How to solve Constrained Regression problem?

In Constrained Regression, the optimization (minimization of error) happens in an iterative manner (subject to termination conditions based on pre-set tolerance levels), unlike the traditional linear regression. One of the popular methods to solve the optimization problem in Constrained Regression is TRF (Trust Region Reflective) algorithm.

Why not Simplex?

In operations research, Dantzig’s simplex method is a popular algorithm for several types of optimizations subject to constraints. However, it operates on linear programs and typically finds the optimal solution(s) in one of the vertices of the polytope it defines as the feasible region. Constrained Regression on the other hand deals with non-linear least squares problem and is not necessarily guaranteed to find solution at the boundaries of feasible regions. Hence Simplex and its variants are not suitable for this purpose.

Why not Gradient Descent?

Gauss–Newton (GN) algorithm is considered as the reference method for nonlinear least squares problems. The basic GN method has quadratic convergence close to the solution if certain assumptions on the residuals are valid (linear approximation and sufficient proximity to zero). To meet these conditions, two major versions of the GN algorithm came into existence: Line Search and Trust Region.
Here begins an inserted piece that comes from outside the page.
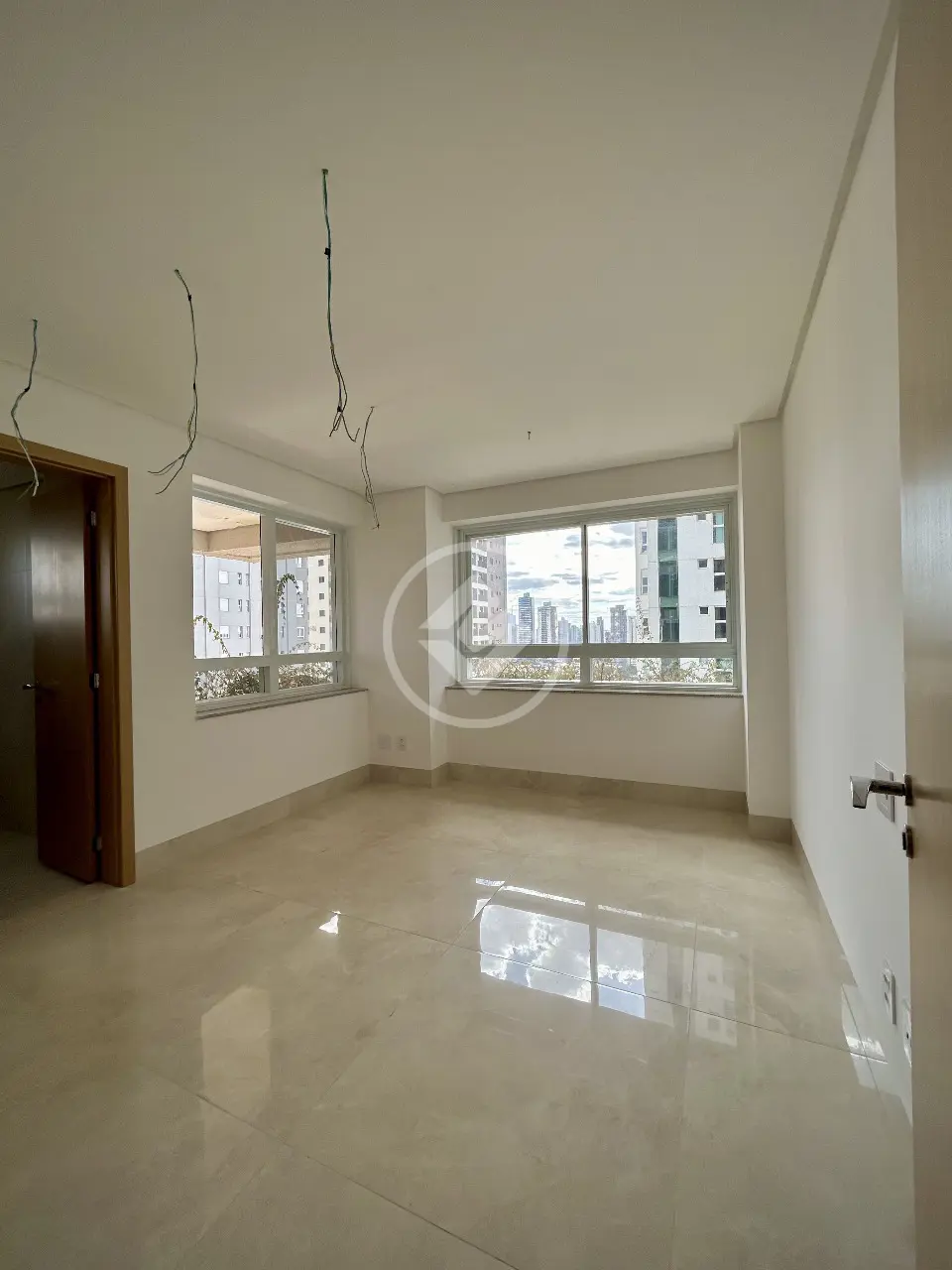 Apartamento à venda com 4 quartos, 256m² - Foto 18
Gradient Descent Modified from Original Image: David Mark from Pixabay

 

Gradient descent is a line search method. We determine the descending direction first and then we take a step in that direction. In gradient descent, step size = gradient * learning rate.

TRF on the other hand is a trust region method. We determine the maximum step size that we want to explore and then we locate the optimal point within that trust region. The trust region can be expanded or shrunk in runtime to adjust to the curvature of the surface.

TRF tends to work better than gradient descent in low data volume scenarios. However, gradient descent converges faster than TRF when there is a large volume of data to train on.

What is TRF?

TRF algorithm works by first defining a region called the Trust Region (TR). The size of the TR is usually defined by the radius in Euclidean norm. It is an iterative method, and convergence happens if the region is convex.

A TR is a subset of the region of the objective function that is to some extent approximated by a model function (often a quadratic). TRF then takes a step forward within the region. If a notable decrease (for minimization problems) is gained after the step forward, then the model is believed to be a good representation of the original objective function, and therefore the region is expanded.

If the improvement is too subtle or negative, the model is not to be believed as a good representation of the original objective function within that region, and therefore the region is contracted. The fit is evaluated by comparing the ratio of expected improvement from the model approximation with the actual improvement observed in the objective function. Simple thresholding of the ratio is used as the criterion for expansion and contraction.

Application in a business scenario

Let us take for an example the automation of operational expenditure forecasting. For a large organization, a major chunk of the efforts in such a business problem will involve forecasting of the wage costs many months in advance for several hundreds of cost centres involving many different functions across the globe. Wage rates are sensitive information, and hence might not be available. What we might have instead could be the historical total wage costs for any given cost centre, and the aggregated headcounts (historical and planned) across several wage groups in that cost centre. The linear relationship existing in the data can be leveraged to implement an MLR-based Wage Model to predict the approximate average salary spends per wage group.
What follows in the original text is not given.